### Required action
Filter the entries for the word "temas". Copy each line in which it occurs.

Stored data entries

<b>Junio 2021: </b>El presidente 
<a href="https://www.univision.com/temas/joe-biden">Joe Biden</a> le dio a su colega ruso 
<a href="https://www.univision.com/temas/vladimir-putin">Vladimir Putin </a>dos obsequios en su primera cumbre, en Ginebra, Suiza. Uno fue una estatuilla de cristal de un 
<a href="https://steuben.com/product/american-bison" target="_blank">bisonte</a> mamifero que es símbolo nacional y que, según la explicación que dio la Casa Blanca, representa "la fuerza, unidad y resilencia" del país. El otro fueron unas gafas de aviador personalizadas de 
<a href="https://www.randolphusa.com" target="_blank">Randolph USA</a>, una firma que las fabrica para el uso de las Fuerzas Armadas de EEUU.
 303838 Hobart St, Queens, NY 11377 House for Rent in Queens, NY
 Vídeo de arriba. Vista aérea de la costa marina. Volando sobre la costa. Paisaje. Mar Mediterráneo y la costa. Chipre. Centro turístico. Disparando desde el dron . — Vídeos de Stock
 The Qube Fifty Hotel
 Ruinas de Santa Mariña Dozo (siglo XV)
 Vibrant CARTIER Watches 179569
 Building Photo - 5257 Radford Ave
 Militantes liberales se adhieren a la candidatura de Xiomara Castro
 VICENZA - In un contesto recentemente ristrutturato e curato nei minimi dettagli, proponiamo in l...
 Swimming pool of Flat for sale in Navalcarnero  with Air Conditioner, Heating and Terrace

### Response to the task
<a href="https://www.univision.com/temas/joe-biden">Joe Biden</a> le dio a su colega ruso 
<a href="https://www.univision.com/temas/vladimir-putin">Vladimir Putin </a>dos obsequios en su primera cumbre, en Ginebra, Suiza. Uno fue una estatuilla de cristal de un 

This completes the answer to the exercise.